Step 3. Check the conjecture using an equivalence query. If it is correct then output it and halt. Otherwise, expand the table with the provided counterexample and go to Step 2.
We give more details about Step 3. Suppose the Teacher returns a counterexample $w=w_1\dots w_n \in \Sigma^n$ for conjecture $C$. Let the trace of this string in $C$ be$$x_0\overset{w_1}{\longrightarrow}x_1\overset{w_2}{\longrightarrow}\cdots\overset{w_n}{\longrightarrow}x_n,$$for $x_0,...,x_n\in X.$ Then there is $1\le i\le n$ such that $x_i w_{i+1}...w_n \in U \iff w \not\in U.$ The table is then expanded by including $x_{i-1}w_i$ and $w_{i+1}...w_n$ in $X$ and $Y$, respectively.
Recall that the number of states of a conjecture DFA is the same as the number of distinct rows in the table. Also, the number of distinct rows increases by at least one each time an equivalence query fails. The L* algorithm would therefore terminate after making at most $|C| − 1$ incorrect equivalence queries and learn the reduced automaton $C$ for the target language.

Difficulty of learning DFAs

Difficulty of offline learning. Let $\mathcal{A}, \mathcal{B} \subset \Sigma^*$ be two finite sets of strings. Given $k$, it is NP-complete to decide whether a DFA $D$ with $k$ states exists such that $\mathcal{A} \subseteq L(D)$ and $\mathcal{B} \subseteq \Sigma^* \setminus L(D)$. It is still NP-complete to find such a DFA with the minimum size. In fact, even finding a DFA with a number of states polynomial on the number of states of the minimum one is NP-complete. If all strings of length $n$ or less are given, then the problem can be solved in time polynomial on the input size.
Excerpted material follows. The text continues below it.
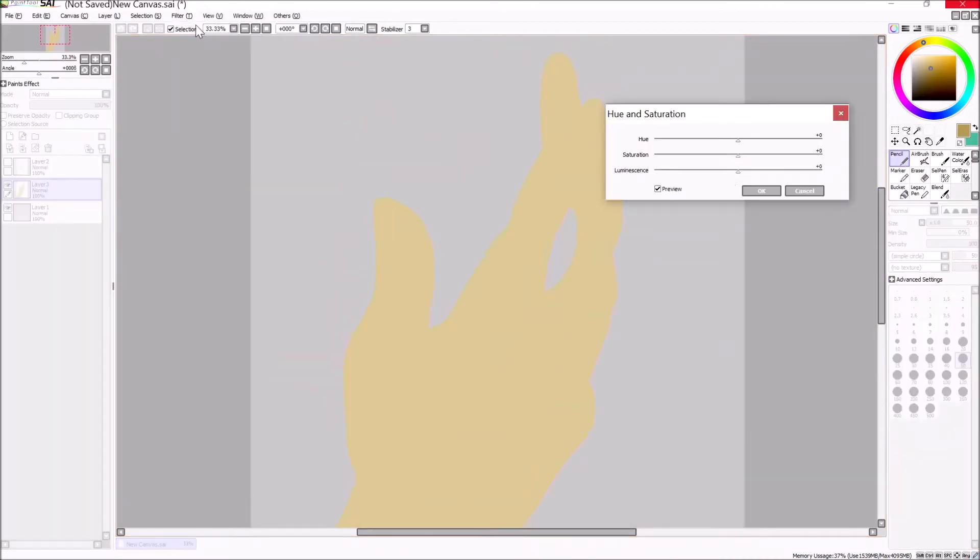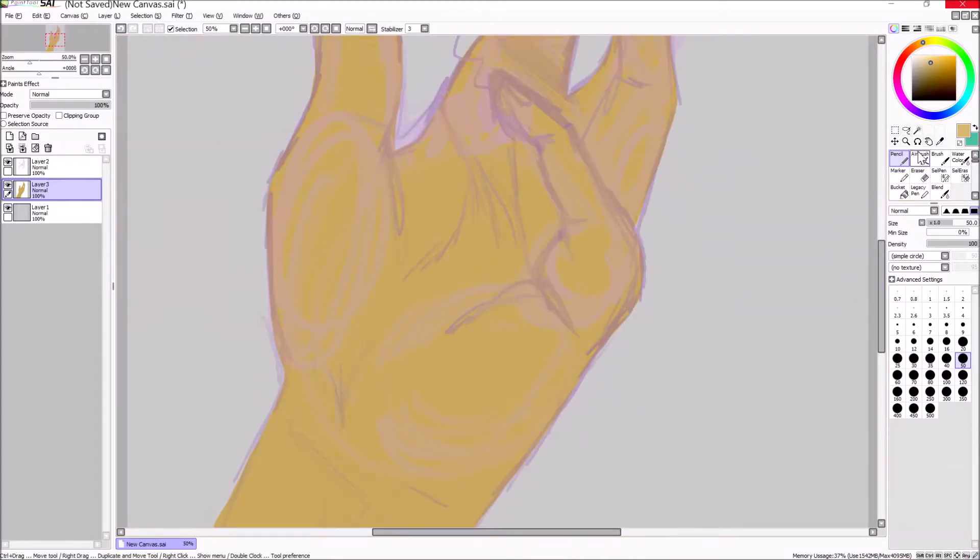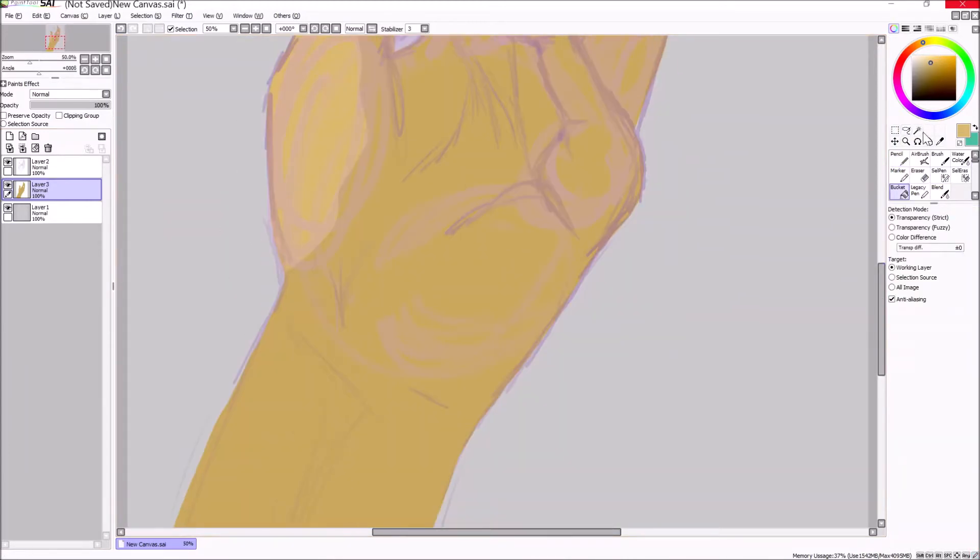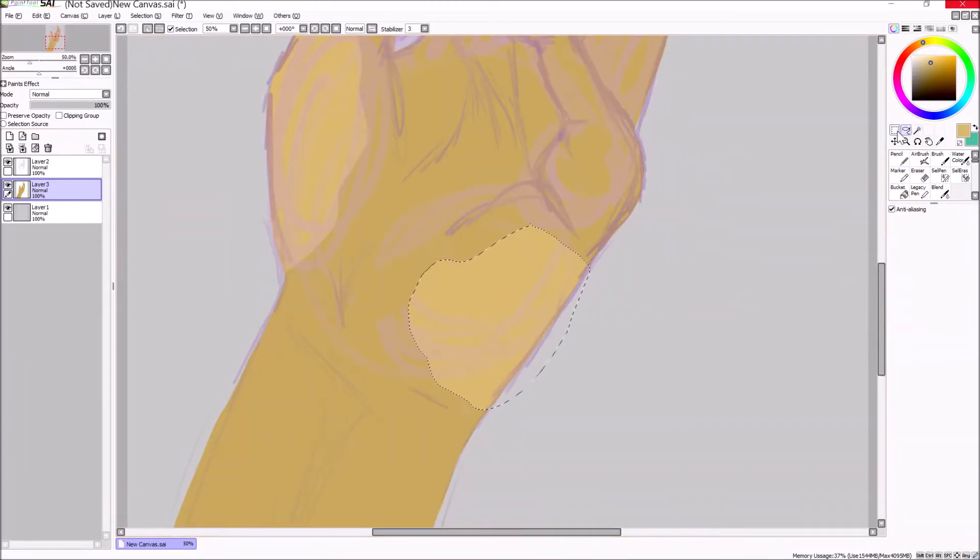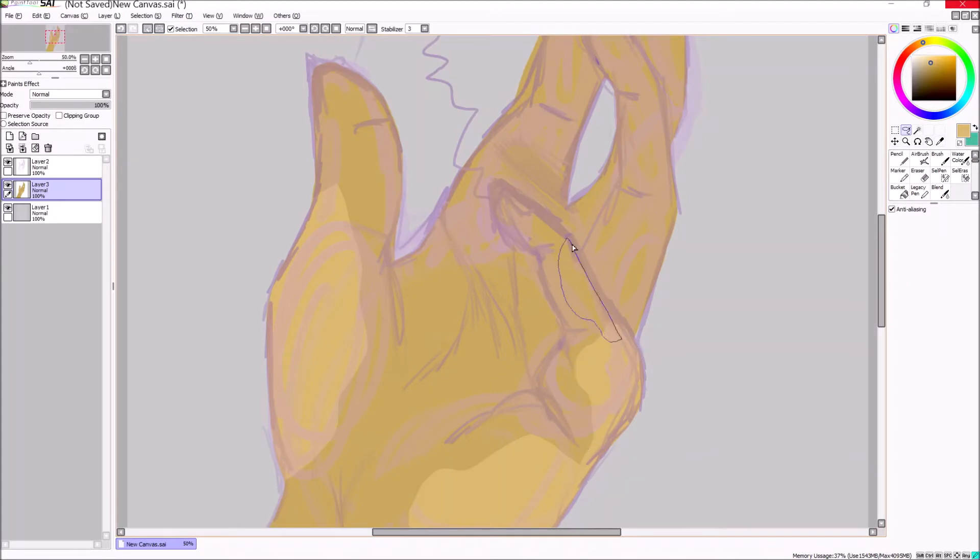I have like three or four pre-recorded speedpaints that I just haven't edited or posted or just touched at all. Yeah, I'm lazy.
Note, however, that the size of the input is itself exponential on the number of states in the resulting DFA. Angluin has shown that this problem remains NP-complete if an arbitrarily small fixed fraction is missing from the input set.
Difficulty of online learning. Learning a minimal DFA becomes easier if the algorithm is allowed to make queries to the unknown automaton. The L* algorithm proposed by Angluin [1] solves the problem in polynomial time by allowing the algorithm to ask membership and equivalence queries. Rivest and Schapire [2] later improved the algorithm so that it does not need to reset the unknown automaton to the initial state after each query.

References

1. D. Angluin. Learning regular sets from queries and counterexamples. Information and Computation, 1987.
2. R. L. Rivest and R. E. Schapire. Inference of finite automata using homing sequences. Information and Computation, 1993.
3. Michael Kearns and Umesh Vazirani. An Introduction to Computational Learning Theory. MIT Press, 1994.
4. Ron Rivest, Machine Learning Lecture Notes at MIT, Lecture 23 & 24.
5. Rajesh Parekh, Vasant Honavar. Learning DFA from Simple Examples. Machine Learning, 2001.